Having been there twice, I kind of knew what to expect. When a few PWPP committee members went to recce the place and to discuss with the head of the community about our freemarket project, I didn't worry at all about driving there in my faithful old Kenari. We finally fixed the date for 4th September, asked their tok batin for the number of families staying in the community so we could prepare the necessary amount of food items to bring along.

So on the morning of 4th September 2016, we met up near the Gopeng roundabout, before we went in convoy to the Orang Asli settlement. The drive took between 20 to 30 minutes.





Also joining us were staff of Klinik Kesihatan Gopeng, who provided free medical check-up (plus papsmear).




Despite the worries of a few members of the organisation about going deep into Orang Asli settlement with the different culture etc, things went really well. In fact, the Orang Asli people there were obviously more disciplined and well-mannered when it came to taking the free items we brought along with us, compared to the supposedly more "civilized" areas we went to before. Nobody even attempted to try get something while we were setting things up despite us working in open spaces, and even when we told them that they could start choosing the items, they didn't rush to grab the things. In fact, they asked first if they had to pay, and when we said everything was free, they asked if they were only entitled to one item each. And the best part was, we received more "terima kasih" here in the Orang Asli community, compared to the other places we've been to before. So seriously, if you think the Orang Asli people are less civilized, think again.

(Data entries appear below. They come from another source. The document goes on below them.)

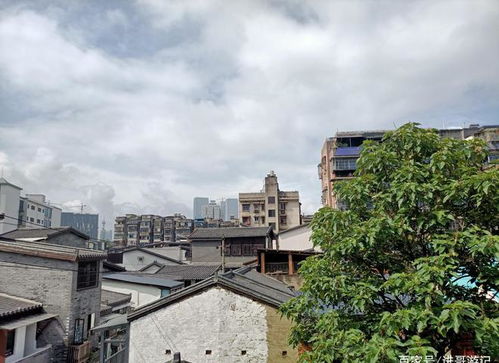 破屋的房产怎么样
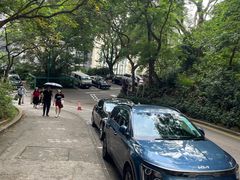 -香港大学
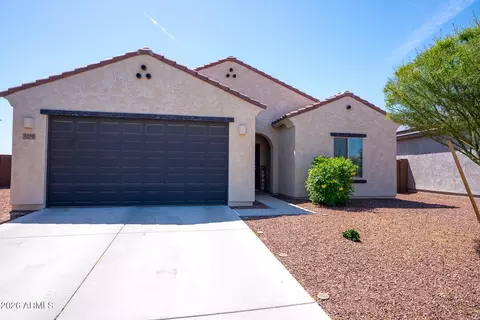 5270 S 253rd Ln, Buckeye, AZ 85326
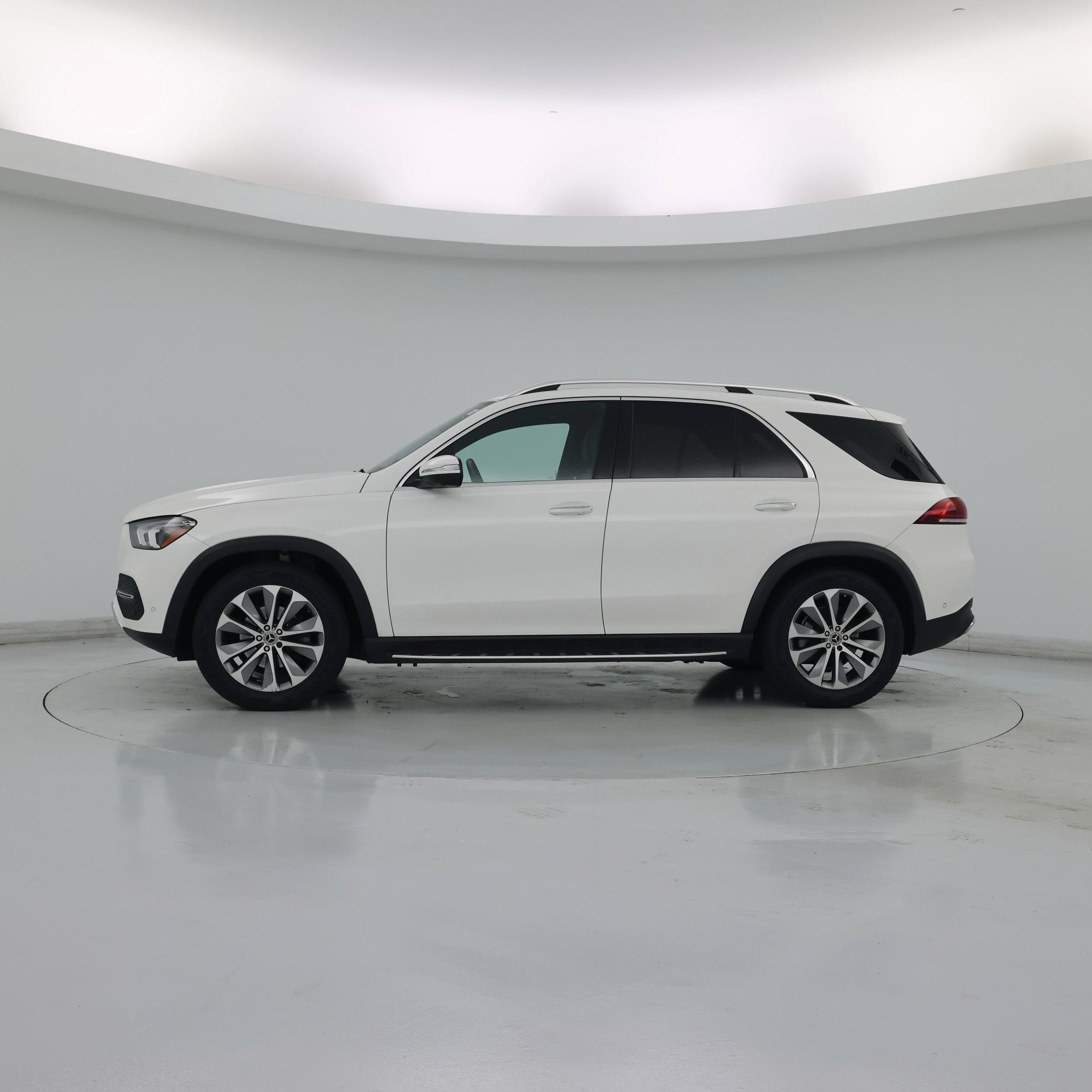 Thumbnail: 2022 Mercedes-Benz GLE - 3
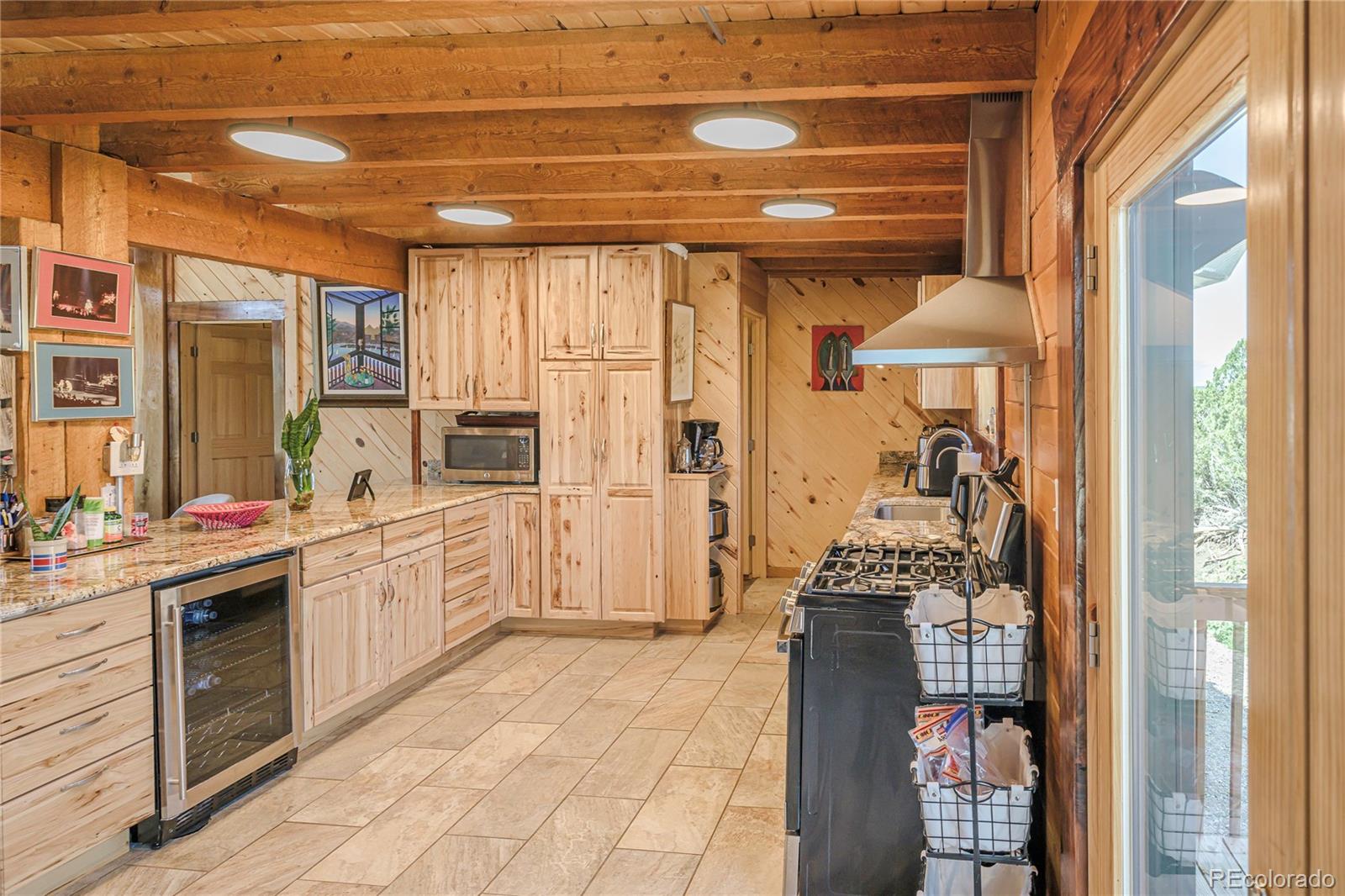 254 Sunset Court Walsenburg CO 81089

Overall, it was a wonderful experience. For an adventure and nature loving person like me, this is the kind of place I'd go to whenever I need a break from work. (In fact after the freemarket was over, I did go to the nearby Ulu Geruntum waterfalls for a short while, that was the place where I did waterfall abseiling slightly over 4 years ago.) I'm pretty sure the other volunteers too enjoyed the experience of organising a freemarket for the Orang Asli community. Beautiful place. Calming rivers. Lovely people.